Monument de la Renaissance africaine, quand t
Monument de la Renaissance africaine, quand tu nous tiens !
Le vendredi 18 décembre 2009, vers 21 heures, beaucoup de Sénégalais ont suivi avec intérêt le débat, sur la chaîne de Radio télévision nationale (Rts), relatif -du point de vue islamique- à la statue de Abdoulaye Wade. Nous avons assisté à un coup de force théorique d’alliés inconditionnels du pouvoir pour imposer aux Sénégalais des «preuves textuelles». Un débat dont la partialité du modérateur gênait plus d’un Sénégalais. Mais pourquoi tout cet intérêt ? Les inconditionnels défenseurs, larbins du pouvoir en place, sont aujourd’hui prêts à défendre toute entreprise, fusse-t-elle mauvaise. Compte tenu de ce phénomène, nous osons dire, qu’au Sénégal, même si le diable (Iblis) apparaissait parmi nous, il y en a des hommes qui n’auraient pas manqué de lui faire une plaidoirie digne d’un prophète.
Les positions religieuses importent certes, mais il nous semble important de questionner –même sans l’avis religieux- la conscience commune et le sentiment des Sénégalais. Le monument a suscité des questions et des désarrois par rapport auxquels les Sénégalais n’ont pas jusque-là des réponses convaincantes. Mais là n’est pas le vrai débat. Même si la religion musulmane avait tranché favorablement là-dessus, le contexte socioéconomique dramatique des Sénégalais aurait pu inspirer à Wade le sens du retenu.
Nous avons donc convenu, avec beaucoup de Sénégalais, que le débat sur la légitimité religieuse de ce monument impopulaire a été un dilatoire béat cachant mal les craintes du concepteur. La question du monument –bien qu’importante- divertit les Sénégalais et leur fait oublier d’autres questions plus urgentes pour la survie de notre peuple. Il s’agit, entre autres, du coup de force sur la question du Code électoral, de la recrudescence de la violence, du manque de sécurité grandissant, des nouvelles formes de prostitution chez les mineures (élèves), des grèves répétitives dans le système éducatif, de la pauvreté galopante et inquiétante. Et il (le débat) cache bien d’autres maladresses.
Commençons par interroger le nom donné au monument.

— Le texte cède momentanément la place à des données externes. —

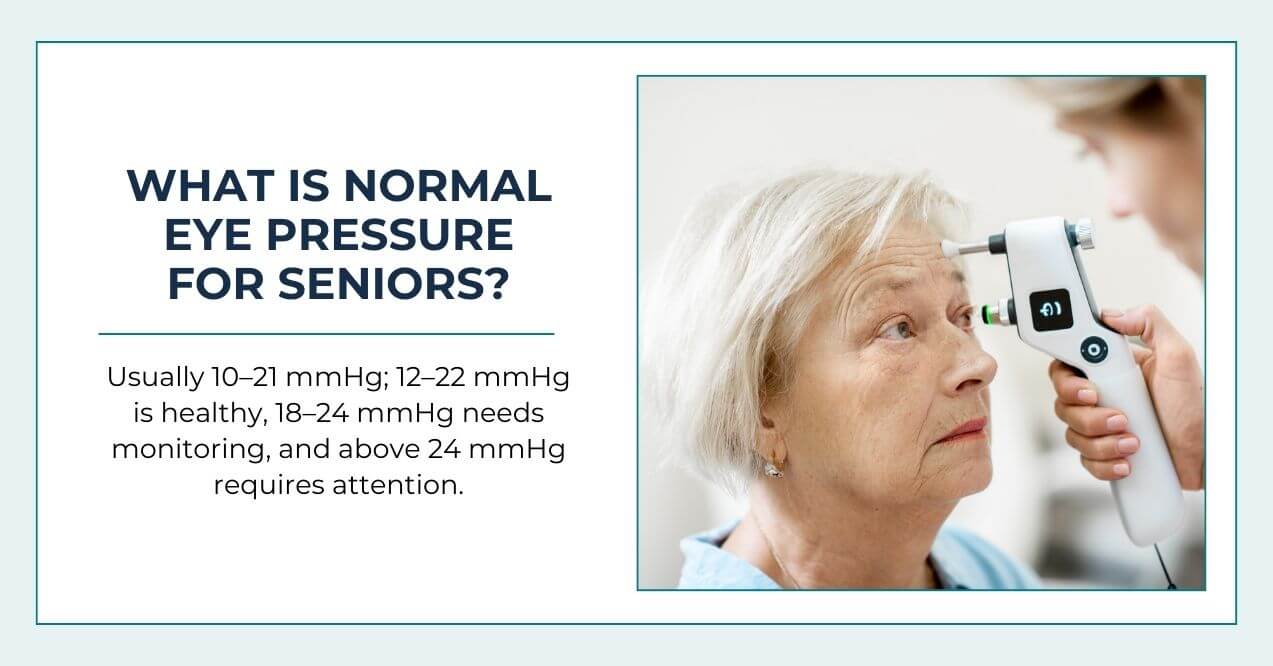 Doctor checking senior woman’s eye pressure with handheld tonometer device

On nous parle de «Renaissance». De quelle renaissance s’agit-il ? Existe-t-il vraiment une naissance d’abord ? L’Afrique a-t-elle la légitimité de crier sur tous les toits l’aspiration à la «renaissance», si l’on en juge présentement le comportement de la majorité de ses dirigeants ? Le challenge qui se pose à elle, au-delà des milliers de maux dont elle souffre, réside dans l’impératif de rompre avec des Présidents despotes et qui excellent dans l’art de fonder des dynasties. Autrement dit, chaque Président ruse pour léguer la confiance de tout un peuple à son fils. On peut évoquer dans ce sens le Togo, la Rdc, le Gabon sans oublier les rumeurs qui courent chez nous au Sénégal. Finalement, nous considérons, par rapport à cette question, que cette race de Présidents est mal placée pour faire le plaidoyer de la «renaissance africaine». A vrai dire, l’Afrique est malade de ses dirigeants.
A un autre niveau, le contexte socioéconomique des Sénégalais ne peut guère justifier le financement - à coût de milliards – du monument. Il est inutile d’énumérer ici les calvaires des Sénégalais. Mais cette somme faramineuse aurait bien servi à régler l’épineux problème des inondations dans certaines zones de Dakar, les canaux à ciel ouvert de Rufisque, à solder les dettes de l’Etat et/ou à éviter les injustifiables dépenses extrabudgétaires.
En conclusion, il importe de dire, à l’endroit de ceux qui se considèrent «bâtisseurs» pour encombrer nos villes avec des statues, des idoles, des monuments ; qu’il serait mieux de changer d’orientation.
Un pays ne peut pas se développer sans un bon système éducatif, une politique de santé performante, une promotion de la culture de l’excellence au détriment de la médiocrité, une bonne politique sociale et culturelle. C’est véritablement sur ce terrain que les populations attendent leurs dirigeants. Espérons que les pluies de souffre et de feu de Gomorrhe ne nous viennent après la problématique question de l’inauguration du contesté monument.